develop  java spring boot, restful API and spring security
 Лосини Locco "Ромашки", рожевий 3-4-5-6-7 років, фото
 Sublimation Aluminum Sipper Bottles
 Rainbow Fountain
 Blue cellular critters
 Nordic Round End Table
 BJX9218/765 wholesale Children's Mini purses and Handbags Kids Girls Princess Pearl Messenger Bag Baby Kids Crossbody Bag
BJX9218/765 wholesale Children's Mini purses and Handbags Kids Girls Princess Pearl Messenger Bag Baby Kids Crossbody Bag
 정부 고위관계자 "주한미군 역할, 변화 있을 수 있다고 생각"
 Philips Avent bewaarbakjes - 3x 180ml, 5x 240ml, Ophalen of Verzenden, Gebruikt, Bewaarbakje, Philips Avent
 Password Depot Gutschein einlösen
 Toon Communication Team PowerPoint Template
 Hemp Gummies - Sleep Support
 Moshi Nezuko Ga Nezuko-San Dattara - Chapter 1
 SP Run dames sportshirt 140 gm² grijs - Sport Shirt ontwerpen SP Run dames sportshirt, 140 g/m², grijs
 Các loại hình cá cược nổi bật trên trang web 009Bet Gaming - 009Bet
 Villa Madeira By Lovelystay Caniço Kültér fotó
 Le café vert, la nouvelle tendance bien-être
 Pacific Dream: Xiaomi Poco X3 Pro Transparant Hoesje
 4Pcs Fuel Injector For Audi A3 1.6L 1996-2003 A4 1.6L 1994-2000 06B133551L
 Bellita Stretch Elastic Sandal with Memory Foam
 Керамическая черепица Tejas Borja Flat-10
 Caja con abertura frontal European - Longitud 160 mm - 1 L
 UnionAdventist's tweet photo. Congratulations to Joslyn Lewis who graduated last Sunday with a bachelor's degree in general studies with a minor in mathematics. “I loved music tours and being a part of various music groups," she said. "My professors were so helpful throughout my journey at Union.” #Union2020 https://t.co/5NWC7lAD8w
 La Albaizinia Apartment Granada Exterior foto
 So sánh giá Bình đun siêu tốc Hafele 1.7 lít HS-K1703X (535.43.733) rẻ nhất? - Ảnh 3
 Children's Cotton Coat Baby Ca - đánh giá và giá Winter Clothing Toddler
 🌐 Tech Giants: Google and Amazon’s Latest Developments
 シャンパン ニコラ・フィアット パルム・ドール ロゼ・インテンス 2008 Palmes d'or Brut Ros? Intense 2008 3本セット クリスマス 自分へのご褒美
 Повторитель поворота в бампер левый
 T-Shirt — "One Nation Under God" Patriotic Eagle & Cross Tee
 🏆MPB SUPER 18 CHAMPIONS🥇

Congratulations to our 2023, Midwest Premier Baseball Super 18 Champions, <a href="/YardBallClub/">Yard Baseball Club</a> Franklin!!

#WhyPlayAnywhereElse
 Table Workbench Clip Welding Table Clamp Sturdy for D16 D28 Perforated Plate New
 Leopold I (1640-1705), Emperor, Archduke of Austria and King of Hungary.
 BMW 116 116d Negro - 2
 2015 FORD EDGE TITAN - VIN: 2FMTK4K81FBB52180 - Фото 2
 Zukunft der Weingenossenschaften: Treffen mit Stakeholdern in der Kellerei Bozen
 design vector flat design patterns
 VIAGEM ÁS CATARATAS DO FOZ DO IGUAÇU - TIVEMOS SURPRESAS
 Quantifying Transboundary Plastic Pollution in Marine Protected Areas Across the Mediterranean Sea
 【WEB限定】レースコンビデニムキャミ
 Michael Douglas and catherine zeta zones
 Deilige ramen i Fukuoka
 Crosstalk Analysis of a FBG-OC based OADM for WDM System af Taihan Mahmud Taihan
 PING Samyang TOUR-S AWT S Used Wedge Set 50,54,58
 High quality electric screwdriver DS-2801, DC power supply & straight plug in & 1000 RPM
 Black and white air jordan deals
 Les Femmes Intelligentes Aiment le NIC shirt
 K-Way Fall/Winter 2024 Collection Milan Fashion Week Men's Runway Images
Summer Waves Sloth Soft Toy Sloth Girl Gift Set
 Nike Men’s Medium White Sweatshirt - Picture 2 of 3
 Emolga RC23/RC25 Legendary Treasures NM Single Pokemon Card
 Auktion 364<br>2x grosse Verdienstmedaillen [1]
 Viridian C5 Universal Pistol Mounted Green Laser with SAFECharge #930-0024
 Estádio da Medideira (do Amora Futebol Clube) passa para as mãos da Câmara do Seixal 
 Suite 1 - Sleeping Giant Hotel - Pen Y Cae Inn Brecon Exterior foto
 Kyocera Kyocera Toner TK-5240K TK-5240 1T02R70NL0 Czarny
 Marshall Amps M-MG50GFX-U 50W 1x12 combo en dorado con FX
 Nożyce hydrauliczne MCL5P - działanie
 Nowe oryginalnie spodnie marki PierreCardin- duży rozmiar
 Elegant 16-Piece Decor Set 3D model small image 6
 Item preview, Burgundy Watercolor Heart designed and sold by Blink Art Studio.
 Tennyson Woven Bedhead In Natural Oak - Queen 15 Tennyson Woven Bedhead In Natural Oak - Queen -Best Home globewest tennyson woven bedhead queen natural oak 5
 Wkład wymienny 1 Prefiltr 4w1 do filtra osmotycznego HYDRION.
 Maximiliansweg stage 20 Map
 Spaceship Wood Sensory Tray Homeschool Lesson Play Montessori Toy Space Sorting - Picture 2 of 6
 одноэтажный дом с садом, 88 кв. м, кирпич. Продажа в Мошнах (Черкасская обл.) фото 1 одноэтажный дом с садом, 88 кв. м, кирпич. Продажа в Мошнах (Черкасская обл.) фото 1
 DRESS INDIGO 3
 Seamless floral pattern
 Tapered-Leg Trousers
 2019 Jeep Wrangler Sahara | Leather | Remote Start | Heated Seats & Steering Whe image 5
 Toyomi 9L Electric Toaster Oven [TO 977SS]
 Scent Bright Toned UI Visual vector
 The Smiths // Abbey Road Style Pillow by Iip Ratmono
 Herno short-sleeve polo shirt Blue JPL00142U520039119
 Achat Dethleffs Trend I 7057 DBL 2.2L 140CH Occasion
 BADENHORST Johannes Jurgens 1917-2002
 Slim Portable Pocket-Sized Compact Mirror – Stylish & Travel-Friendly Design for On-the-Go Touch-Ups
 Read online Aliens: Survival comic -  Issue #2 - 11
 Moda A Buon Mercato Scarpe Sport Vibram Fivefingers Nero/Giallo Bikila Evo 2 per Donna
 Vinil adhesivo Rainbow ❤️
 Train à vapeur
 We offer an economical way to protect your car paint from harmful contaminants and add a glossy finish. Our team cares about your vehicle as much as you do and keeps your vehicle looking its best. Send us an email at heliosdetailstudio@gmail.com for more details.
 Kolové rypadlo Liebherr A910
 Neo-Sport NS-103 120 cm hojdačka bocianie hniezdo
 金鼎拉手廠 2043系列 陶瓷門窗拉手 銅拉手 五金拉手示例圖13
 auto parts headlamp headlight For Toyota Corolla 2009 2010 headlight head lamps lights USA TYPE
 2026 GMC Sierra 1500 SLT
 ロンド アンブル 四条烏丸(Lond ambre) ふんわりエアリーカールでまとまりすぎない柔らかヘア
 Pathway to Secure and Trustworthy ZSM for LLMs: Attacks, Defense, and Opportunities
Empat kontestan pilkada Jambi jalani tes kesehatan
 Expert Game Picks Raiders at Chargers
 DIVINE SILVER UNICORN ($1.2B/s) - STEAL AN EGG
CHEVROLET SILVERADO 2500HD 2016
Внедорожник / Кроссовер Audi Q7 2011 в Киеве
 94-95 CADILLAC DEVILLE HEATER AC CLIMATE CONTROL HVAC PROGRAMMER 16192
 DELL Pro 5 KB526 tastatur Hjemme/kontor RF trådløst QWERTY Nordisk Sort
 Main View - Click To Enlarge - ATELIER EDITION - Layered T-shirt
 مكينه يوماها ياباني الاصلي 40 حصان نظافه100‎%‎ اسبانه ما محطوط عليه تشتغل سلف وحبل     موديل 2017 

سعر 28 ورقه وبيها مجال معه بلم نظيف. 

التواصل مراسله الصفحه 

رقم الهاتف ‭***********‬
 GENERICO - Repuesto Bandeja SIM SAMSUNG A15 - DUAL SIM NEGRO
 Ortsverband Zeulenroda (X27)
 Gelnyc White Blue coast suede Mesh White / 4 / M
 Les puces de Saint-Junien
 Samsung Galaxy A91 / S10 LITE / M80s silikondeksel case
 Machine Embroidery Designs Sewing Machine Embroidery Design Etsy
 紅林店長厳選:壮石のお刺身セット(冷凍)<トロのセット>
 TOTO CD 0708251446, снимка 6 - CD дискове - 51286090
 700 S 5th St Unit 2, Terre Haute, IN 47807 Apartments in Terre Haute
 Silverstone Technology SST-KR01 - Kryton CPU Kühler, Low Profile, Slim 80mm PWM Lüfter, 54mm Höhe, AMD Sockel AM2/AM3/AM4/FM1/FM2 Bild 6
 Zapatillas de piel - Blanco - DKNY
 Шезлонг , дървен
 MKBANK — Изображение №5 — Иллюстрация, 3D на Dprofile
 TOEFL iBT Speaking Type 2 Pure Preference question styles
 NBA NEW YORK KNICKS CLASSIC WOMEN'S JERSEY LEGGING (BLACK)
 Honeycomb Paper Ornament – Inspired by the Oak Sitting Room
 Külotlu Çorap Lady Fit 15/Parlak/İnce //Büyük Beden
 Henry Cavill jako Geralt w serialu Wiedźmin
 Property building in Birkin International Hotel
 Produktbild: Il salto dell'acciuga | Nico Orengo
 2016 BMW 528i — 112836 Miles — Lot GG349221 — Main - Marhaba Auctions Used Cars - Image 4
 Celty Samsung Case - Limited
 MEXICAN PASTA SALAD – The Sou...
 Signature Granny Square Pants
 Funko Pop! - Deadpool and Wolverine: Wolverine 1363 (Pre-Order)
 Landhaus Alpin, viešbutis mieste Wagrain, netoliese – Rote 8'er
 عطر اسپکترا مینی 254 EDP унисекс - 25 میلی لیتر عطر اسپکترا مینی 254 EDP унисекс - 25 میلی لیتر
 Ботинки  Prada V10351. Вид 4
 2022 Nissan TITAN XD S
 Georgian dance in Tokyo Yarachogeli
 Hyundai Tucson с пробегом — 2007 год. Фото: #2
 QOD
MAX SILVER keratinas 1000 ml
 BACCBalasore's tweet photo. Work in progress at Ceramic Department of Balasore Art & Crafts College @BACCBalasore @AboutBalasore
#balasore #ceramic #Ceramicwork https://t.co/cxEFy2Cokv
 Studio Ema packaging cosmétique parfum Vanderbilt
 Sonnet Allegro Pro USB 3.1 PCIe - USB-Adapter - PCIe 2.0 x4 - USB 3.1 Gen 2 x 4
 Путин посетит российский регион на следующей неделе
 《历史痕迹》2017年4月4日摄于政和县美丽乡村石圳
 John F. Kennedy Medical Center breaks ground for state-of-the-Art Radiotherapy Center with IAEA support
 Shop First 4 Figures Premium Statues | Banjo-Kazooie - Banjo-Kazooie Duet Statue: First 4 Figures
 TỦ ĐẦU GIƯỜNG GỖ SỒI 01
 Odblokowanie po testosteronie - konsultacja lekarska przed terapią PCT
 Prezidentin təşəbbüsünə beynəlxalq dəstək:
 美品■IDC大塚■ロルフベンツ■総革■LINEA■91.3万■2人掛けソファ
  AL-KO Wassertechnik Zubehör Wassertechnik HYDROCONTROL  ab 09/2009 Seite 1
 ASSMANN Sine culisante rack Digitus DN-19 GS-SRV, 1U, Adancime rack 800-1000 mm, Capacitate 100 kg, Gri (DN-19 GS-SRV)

- Work required
In the entries above, find the line with "Moda A Buon" and the line with "Honeycomb Paper Ornament", then restate word for word both of them and every line between, with nothing more.

- Answer section
 Moda A Buon Mercato Scarpe Sport Vibram Fivefingers Nero/Giallo Bikila Evo 2 per Donna
 Vinil adhesivo Rainbow ❤️
 Train à vapeur
 We offer an economical way to protect your car paint from harmful contaminants and add a glossy finish. Our team cares about your vehicle as much as you do and keeps your vehicle looking its best. Send us an email at heliosdetailstudio@gmail.com for more details.
 Kolové rypadlo Liebherr A910
 Neo-Sport NS-103 120 cm hojdačka bocianie hniezdo
 金鼎拉手廠 2043系列 陶瓷門窗拉手 銅拉手 五金拉手示例圖13
 auto parts headlamp headlight For Toyota Corolla 2009 2010 headlight head lamps lights USA TYPE
 2026 GMC Sierra 1500 SLT
 ロンド アンブル 四条烏丸(Lond ambre) ふんわりエアリーカールでまとまりすぎない柔らかヘア
 Pathway to Secure and Trustworthy ZSM for LLMs: Attacks, Defense, and Opportunities
Empat kontestan pilkada Jambi jalani tes kesehatan
 Expert Game Picks Raiders at Chargers
 DIVINE SILVER UNICORN ($1.2B/s) - STEAL AN EGG
CHEVROLET SILVERADO 2500HD 2016
Внедорожник / Кроссовер Audi Q7 2011 в Киеве
 94-95 CADILLAC DEVILLE HEATER AC CLIMATE CONTROL HVAC PROGRAMMER 16192
 DELL Pro 5 KB526 tastatur Hjemme/kontor RF trådløst QWERTY Nordisk Sort
 Main View - Click To Enlarge - ATELIER EDITION - Layered T-shirt
 مكينه يوماها ياباني الاصلي 40 حصان نظافه100‎%‎ اسبانه ما محطوط عليه تشتغل سلف وحبل     موديل 2017 

سعر 28 ورقه وبيها مجال معه بلم نظيف. 

التواصل مراسله الصفحه 

رقم الهاتف ‭***********‬
 GENERICO - Repuesto Bandeja SIM SAMSUNG A15 - DUAL SIM NEGRO
 Ortsverband Zeulenroda (X27)
 Gelnyc White Blue coast suede Mesh White / 4 / M
 Les puces de Saint-Junien
 Samsung Galaxy A91 / S10 LITE / M80s silikondeksel case
 Machine Embroidery Designs Sewing Machine Embroidery Design Etsy
 紅林店長厳選:壮石のお刺身セット(冷凍)<トロのセット>
 TOTO CD 0708251446, снимка 6 - CD дискове - 51286090
 700 S 5th St Unit 2, Terre Haute, IN 47807 Apartments in Terre Haute
 Silverstone Technology SST-KR01 - Kryton CPU Kühler, Low Profile, Slim 80mm PWM Lüfter, 54mm Höhe, AMD Sockel AM2/AM3/AM4/FM1/FM2 Bild 6
 Zapatillas de piel - Blanco - DKNY
 Шезлонг , дървен
 MKBANK — Изображение №5 — Иллюстрация, 3D на Dprofile
 TOEFL iBT Speaking Type 2 Pure Preference question styles
 NBA NEW YORK KNICKS CLASSIC WOMEN'S JERSEY LEGGING (BLACK)
 Honeycomb Paper Ornament – Inspired by the Oak Sitting Room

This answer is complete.